The sun shone into my face and woke me up and after a couple slow miles I felt better. For half a mile I was not alone, a rabbit ran along the trail and I saw him a couple times.
 As I walked on a the dirt road I saw something blue in the bush and it was a balloon which got all the way to the top of the mountain. First I wanted to take it with me and dump it at the next trash can at a campsite but now I attached on my backpack and decided to keep it 🙂


At noon I arrived at the first water source after 18miles and took a break. As it got cooler in the late afternoon I headed back out a couple more miles until I found a nice spot to Cowboy camp. 

Day 39:

After I realized I’m sleeping next to an anthill I set up my tent quickly and felt way saver 🙂

After hiking a couple miles i walked into sequoia national Forrest park. I should have totally hiked further the day before because there where really nice tent sites. It was beautiful morning walking in the shade of big pine needle trees. I also thought I heard a bear but I haven’t seen anything. 


I hiked a bit with Dr. Feel good who I met in the morning and we heard more noises, this time the sound was higher and a howl. We decided to follow the noice and stopped as we saw a big bush shaking. I saw something black and thought of a bear but as we got closer we realized their were just cows and a bull. 

Kinda disappointed I went on and run into Overstock. I turned out to be new personal photographer since there were great spots along the trail and we also passed the 600miles where I took some fotos for her. 


At the end of my day I stopped at a campground where we have our last water source for the next 42 miles!!!!! 

Day 40:

I got up at 3am with 7l water on my shoulders. I thought the desert was over but we actually had another long section in front of us. That’s also why there is no water source the next 42 miles. 

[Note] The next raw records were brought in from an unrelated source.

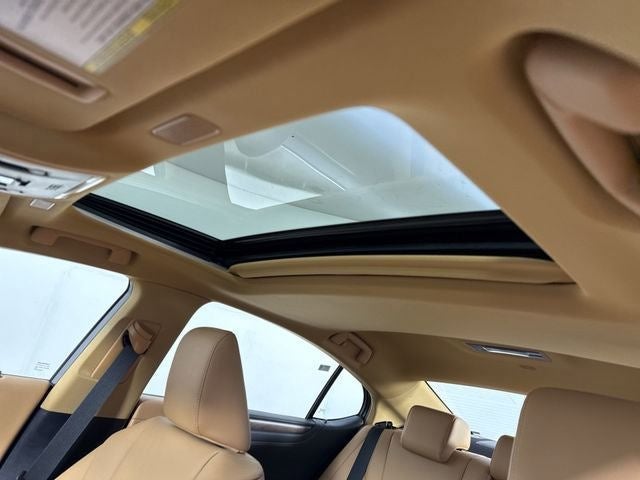 2025 Lexus ES 300h F SPORT DESIGN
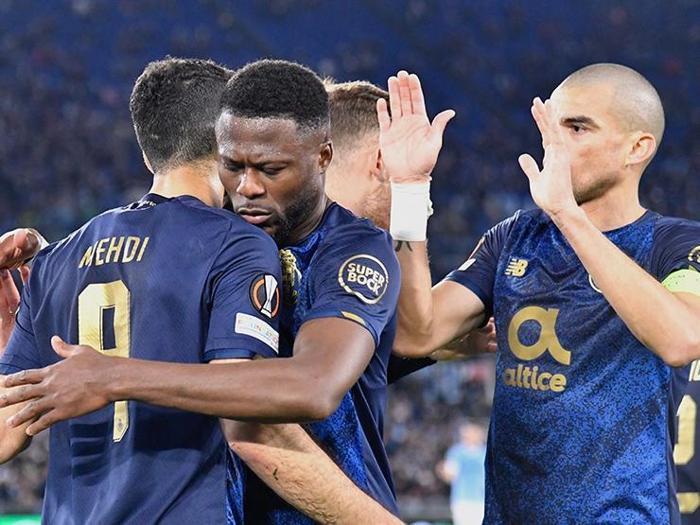 Son dakika haberi Galatasarayın UEFA Avrupa Ligindeki muhtemel rakipleri belli oldu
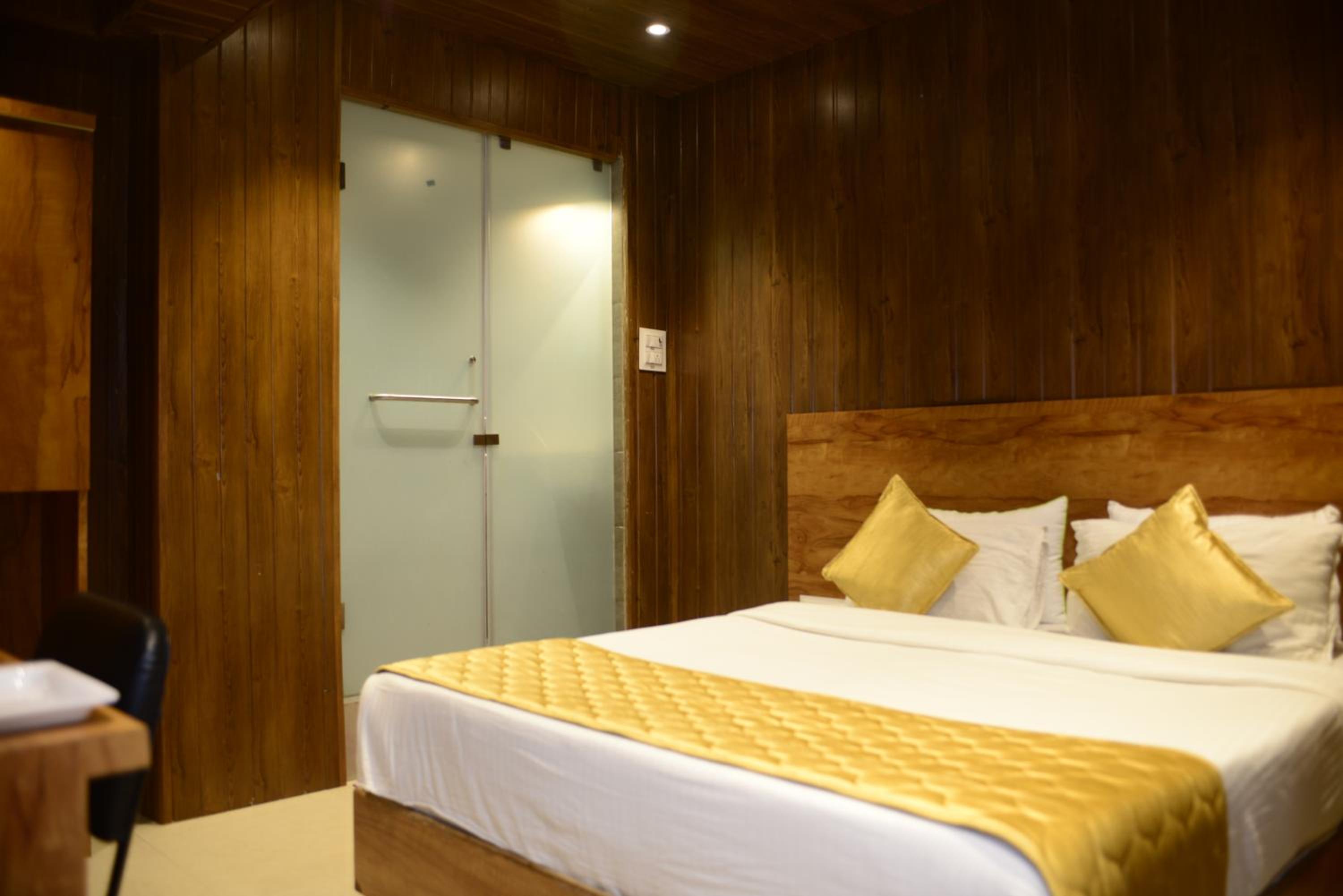 Deluxe Double Room - Photo 3
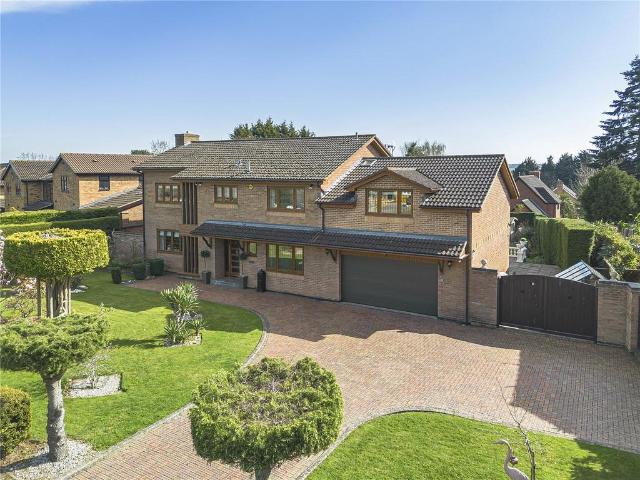 5 bedroom detached house for sale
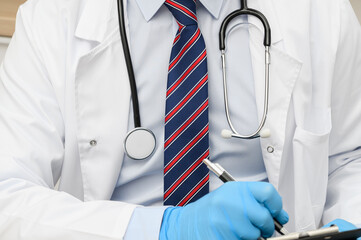 Lekarz rodzinny w trakcie wizyty wypisuje receptę, diagnostyka rozszerzona, badania lekarskie, ordynator w szpitalu 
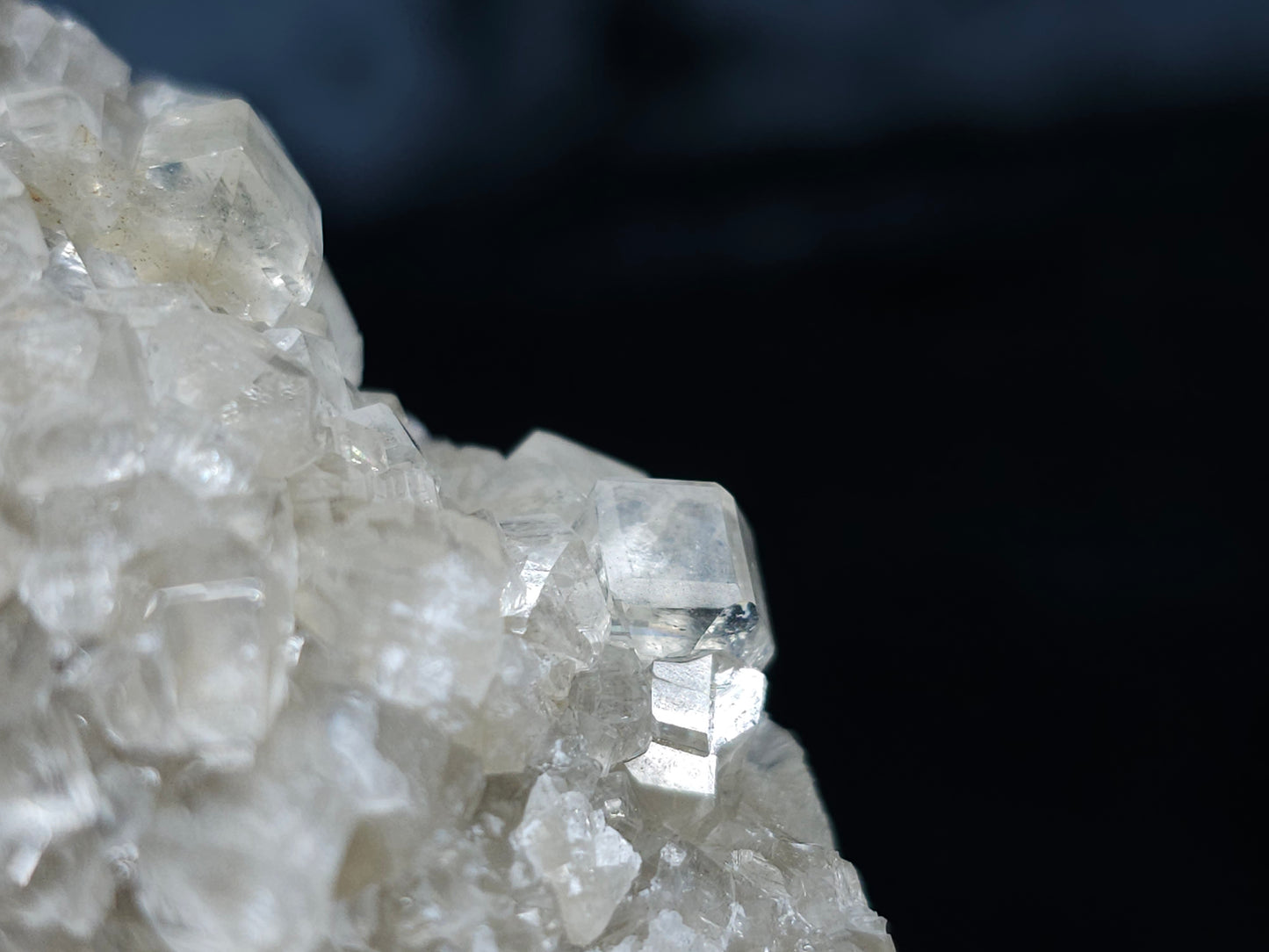 #33091 Super clear Nailhead Spar Calcite cluster, Chalcopyrite ore and multiple small fossils in the matrix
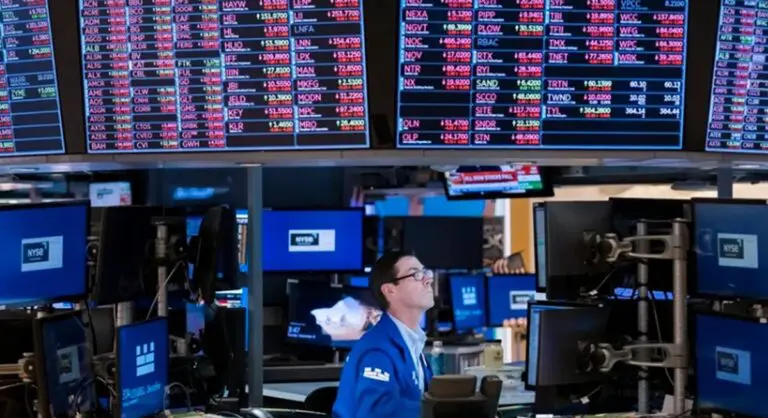 Aranceles de Trump provocan pérdidas millonarias en Wall Street y sacuden el mercado financiero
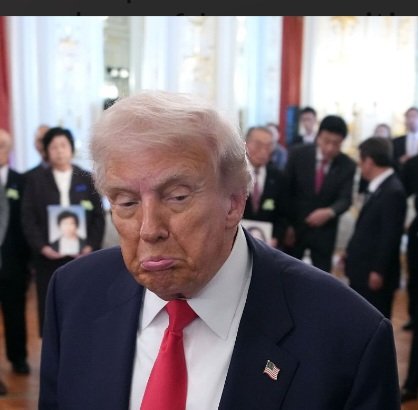 Wtf is this expression?  #TrumpisaNationalDisgrace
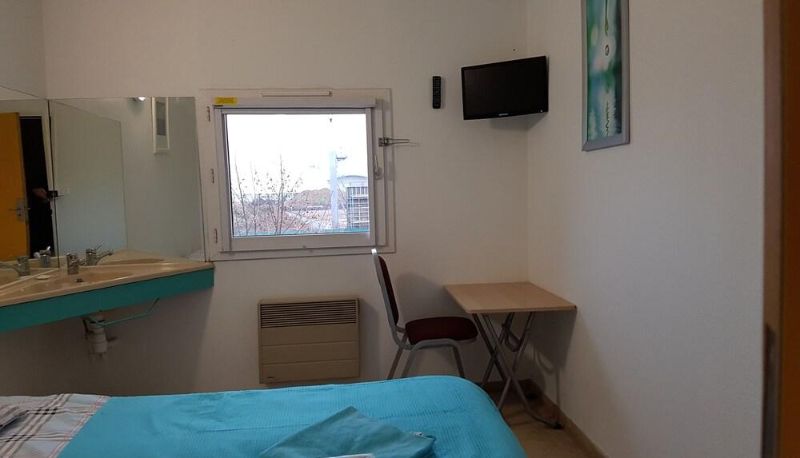 Triple room - Hôtel Holiday
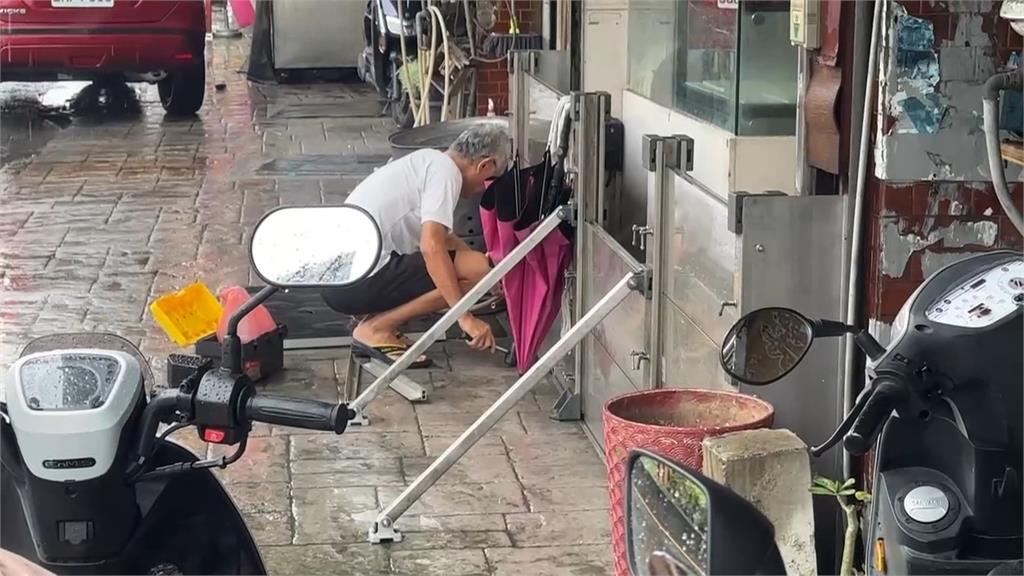 台南暴雨連淹兩天！仁德交流道封閉　民眾誤闖和員警爆口角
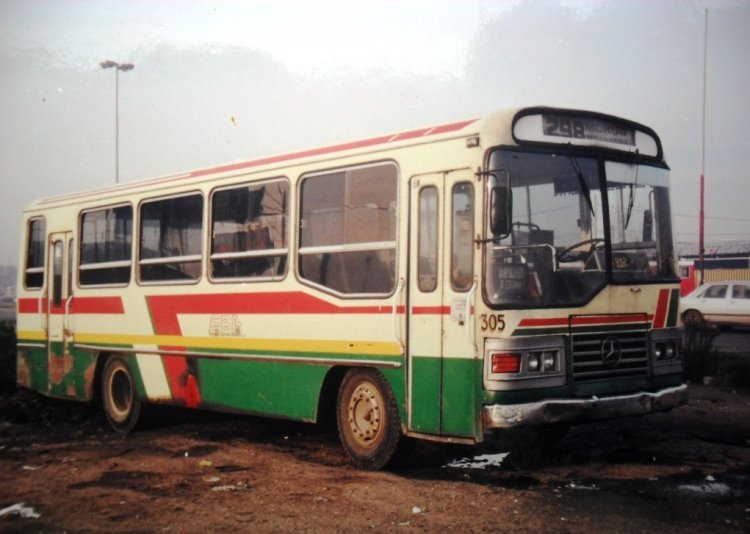 Mercedes-Benz OF 1214 - San Juan - Empresa Bartolomé Mitre
C 1463647 - RFG 894
Línea 298 - Interno 305
Año 2001 en Puente La Noria, un San Juan OF haciendo la espera de 
la linea 298. No pude conseguir la patente de este coche, que podría haber 
sido el ex interno 202 de la Línea 49, según se ve en su torpedo.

It was a nice cool morning and I walked the first 15 miles before it was starting to get warm. I remember also the time as I was hiking in the Australian summer and it’s good to know to know if I can handle the heat.


Around noon I got to the second water cache and was lucky it was not empty. Trail Angels drive out to the trail and restock the caches with 50 gallons (~200l) of water. 


I found some shade under a Joshua tree and waited until late evening to to hike couple more miles with 600m elevation gain.

Day 41:

This morning, my mind was faster then my body and I hit the snooze button. Mistake…. Since it was still 17miles till I’m getting to a road and water source again. I started around 5:30 which is still early for some hikers but when you have to hike while 100degrees you should get up sooner. As I walked and looked down on The trail I heard some noice, looked up and saw Bambi and her mother running towards me. Right I front of me they went off trail stopped and checked me out. 


At least, the last 5 miles were downhill but that means also it’s gonna get warmer. As I reached the bottom, a trail angel set up a little hiker camp with a tarp for shade, cold drinks and snacks. 

Since I’ve got hungry the past days I ate more of my food and realized I have to hitch to the next town to resupply. I also wanted to got enough energy before heading into the real Mountains. 

A hiker who rented a car for a day stopped at the camp and offered a ride to town. I let me dropped at a diner where I heard that they have great milk shakes and of course burgers 🙂
The last 4 days was also an area where we had no reception so my phone went crazy. Action Jackson texted me that rented a house via Airbnb with other hikers and I could come over, which was also next to the diner. Before leaving the diner I asked if they want some milk shakes and was kinda hero as I arrived with all the shakes 😀

I decided to stay overnight and while chilling everybody got the news that a fire started at the  section we were going to hike next. Since we won’t make a decision the night we decided to wait for more accurate news. We watched the big lebowsky and drank White Russian 😀

Day 42:  

Since I wanted to have a nice breakfast before we are leaving the house, I made banana pancakes, scrambled eggs and bacon. Some of the hikes were planning to rent a car and go back to LA for a trail vacation and offered us to drive us to Kennedy Meadows where we can head into sierras.